• [Records for the exercise]
[Start of section]

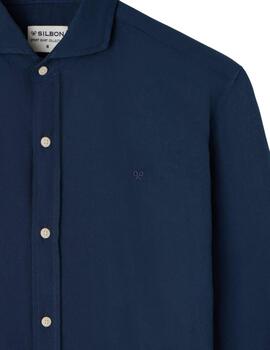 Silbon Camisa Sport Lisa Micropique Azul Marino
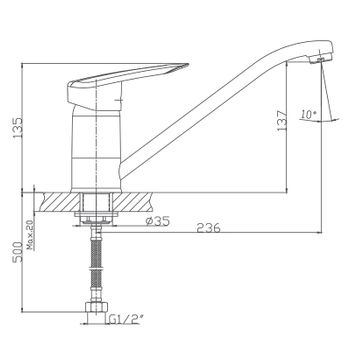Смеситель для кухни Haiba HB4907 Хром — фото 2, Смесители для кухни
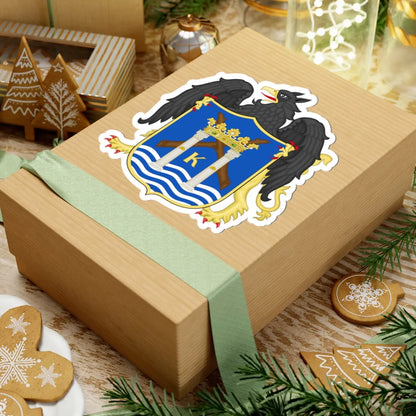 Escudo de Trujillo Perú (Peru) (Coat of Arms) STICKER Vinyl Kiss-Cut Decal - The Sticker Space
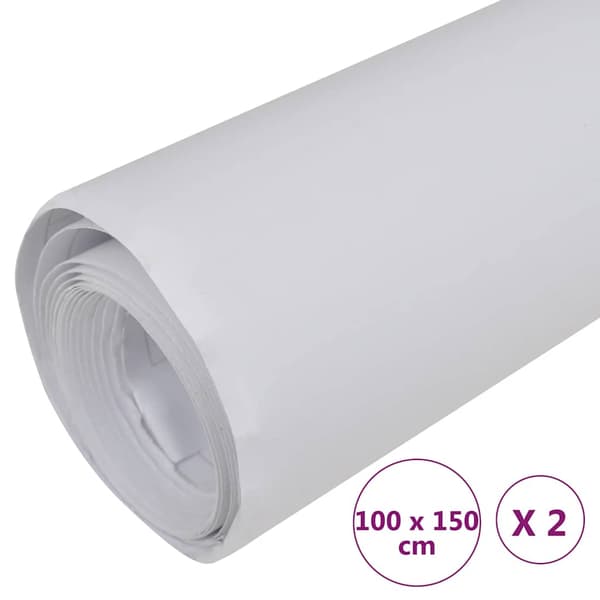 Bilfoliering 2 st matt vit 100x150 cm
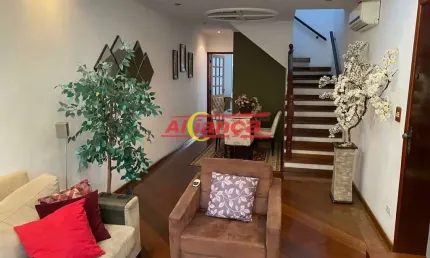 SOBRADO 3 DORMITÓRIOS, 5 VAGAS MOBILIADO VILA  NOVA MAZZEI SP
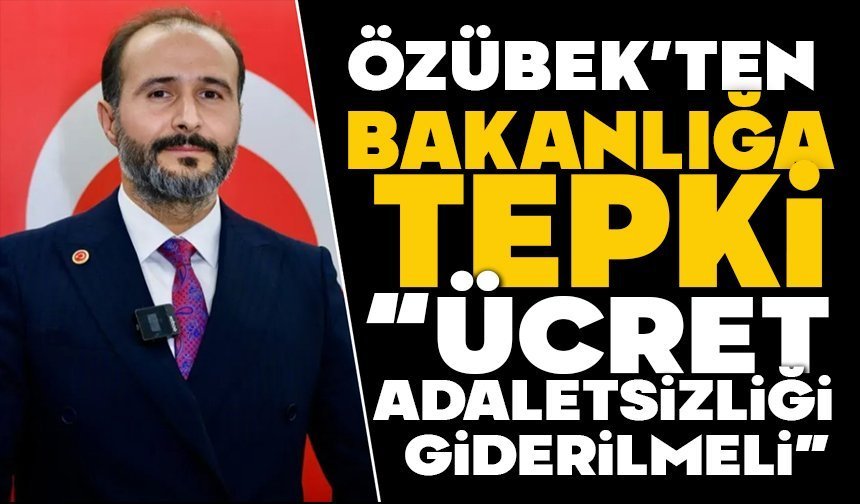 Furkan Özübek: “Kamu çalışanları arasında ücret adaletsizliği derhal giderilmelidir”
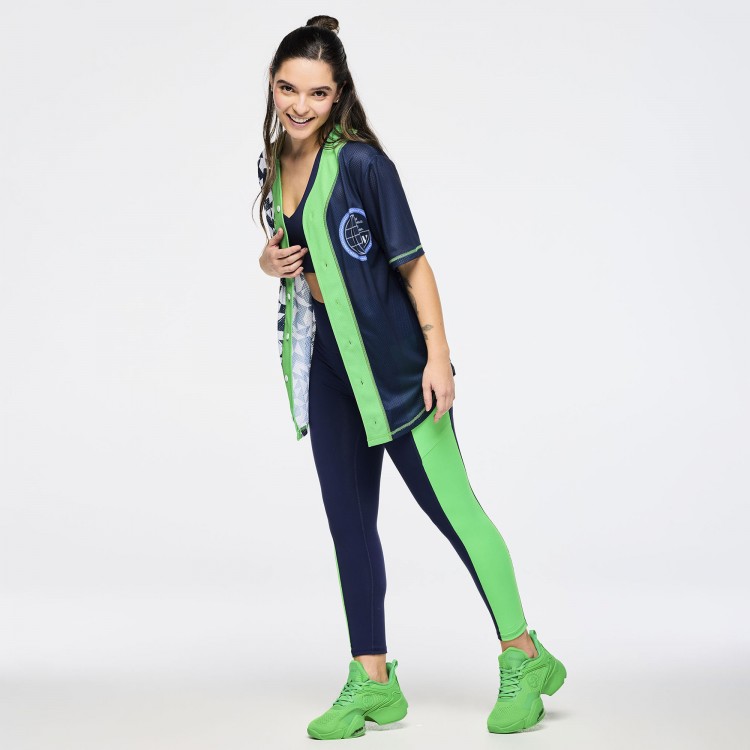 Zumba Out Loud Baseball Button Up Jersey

[End of section]

• [Directions for this task]
The whole listing is to be retyped exactly, with its pictures removed.

• [Solution for this exercise]
 Silbon Camisa Sport Lisa Micropique Azul Marino
Смеситель для кухни Haiba HB4907 Хром — фото 2, Смесители для кухни
 Escudo de Trujillo Perú (Peru) (Coat of Arms) STICKER Vinyl Kiss-Cut Decal - The Sticker Space
 Bilfoliering 2 st matt vit 100x150 cm
 SOBRADO 3 DORMITÓRIOS, 5 VAGAS MOBILIADO VILA  NOVA MAZZEI SP
 Furkan Özübek: “Kamu çalışanları arasında ücret adaletsizliği derhal giderilmelidir”
 Zumba Out Loud Baseball Button Up Jersey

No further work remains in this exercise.